I/O safety and speed: Why not both?
Posted on
Rustix: I/O Safety in practice
The I/O Safety RFC is now merged! But it's all fairly abstract, so what will this look like in practice with real APIs?
One of the ways is rustix, the fastest POSIX-ish, Unix-ish, Linux-ish, and libc-ish API for Rust!

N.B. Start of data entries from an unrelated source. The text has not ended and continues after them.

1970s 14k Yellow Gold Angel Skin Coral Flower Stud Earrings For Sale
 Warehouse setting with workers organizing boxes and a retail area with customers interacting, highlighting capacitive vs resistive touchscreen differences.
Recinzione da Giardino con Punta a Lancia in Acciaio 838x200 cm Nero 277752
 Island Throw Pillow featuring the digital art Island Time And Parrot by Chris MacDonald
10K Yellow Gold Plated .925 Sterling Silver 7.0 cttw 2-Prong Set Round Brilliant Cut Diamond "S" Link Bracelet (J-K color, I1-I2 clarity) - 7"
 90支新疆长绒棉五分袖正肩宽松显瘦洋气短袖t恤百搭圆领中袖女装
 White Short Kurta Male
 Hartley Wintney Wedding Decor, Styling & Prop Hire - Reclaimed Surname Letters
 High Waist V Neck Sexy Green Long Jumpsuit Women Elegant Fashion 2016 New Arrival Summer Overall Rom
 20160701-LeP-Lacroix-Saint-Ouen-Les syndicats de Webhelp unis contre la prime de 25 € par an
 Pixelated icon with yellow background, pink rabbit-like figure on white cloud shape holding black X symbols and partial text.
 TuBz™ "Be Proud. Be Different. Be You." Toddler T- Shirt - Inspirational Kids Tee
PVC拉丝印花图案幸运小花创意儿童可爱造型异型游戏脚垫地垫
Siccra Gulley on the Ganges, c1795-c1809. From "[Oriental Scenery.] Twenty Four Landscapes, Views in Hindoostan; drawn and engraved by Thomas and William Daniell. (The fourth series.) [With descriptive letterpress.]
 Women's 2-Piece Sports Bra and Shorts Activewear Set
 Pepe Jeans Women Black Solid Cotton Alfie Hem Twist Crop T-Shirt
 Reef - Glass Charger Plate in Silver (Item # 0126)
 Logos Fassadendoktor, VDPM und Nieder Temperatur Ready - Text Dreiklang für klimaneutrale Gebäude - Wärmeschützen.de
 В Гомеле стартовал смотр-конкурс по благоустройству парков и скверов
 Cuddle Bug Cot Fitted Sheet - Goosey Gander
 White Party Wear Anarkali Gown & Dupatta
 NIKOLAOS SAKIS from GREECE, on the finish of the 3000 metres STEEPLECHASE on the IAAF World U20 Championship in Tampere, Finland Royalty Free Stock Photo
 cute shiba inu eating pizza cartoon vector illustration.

And it's also I/O-safe! And memory-safe! These are actually the bigger motivators for this crate, and it helped guide the development of the I/O safety APIs. But it's also fast, which is fun, and shows that Rust's "abstraction without overhead" is preserved. More on that later though. First, what's all this about safety, you say? I'm glad you asked 😉!
Safety
Memory safety is of course an established concept for Rust. Memory-safe abstractions for POSIX/libc functions is a well-established idea, with Rust references, slices and return values in place of raw pointers, and rustix provides all this as well.
I/O safety is a newly-introduced concept and is about treating file descriptors similar to pointers, with concepts of ownership and borrowing. See the I/O Safety RFC and the io-lifetimes crate for details. Rustix uses io-lifetimes types for all its APIs that work with file descriptors.
A tour of a function in rustix
Let's take a quick look at the openat
function, which demonstrates several
of the things rustix does.
The libc version of openat
looks like this:
pub unsafe extern "C" fn openat(
dirfd: c_int,
pathname: *const c_char,
flags: c_int,
...
) -> c_int
Rustix's looks like this:
pub fn openat<P: Arg, Fd: AsFd>(
dirfd: &Fd,
path: P,
oflags: OFlags,
create_mode: Mode
) -> Result<OwnedFd>
Here's a breakdown of the differences:
pub fn openat<P: Arg, Fd: AsFd>(
dirfd: &Fd,
path: P,
oflags: OFlags,
create_mode: Mode
) -> Result<OwnedFd>
Rustix's dirfd
accepts any type which implements the AsFd
trait, so you
can pass in a &File
or &TcpStream
or other things conveniently and safely
instead of having to call .as_raw_fd()
and pass in the result. AsFd
works like a borrow, and similar to Rust references, it's prevented from
escaping and dangling.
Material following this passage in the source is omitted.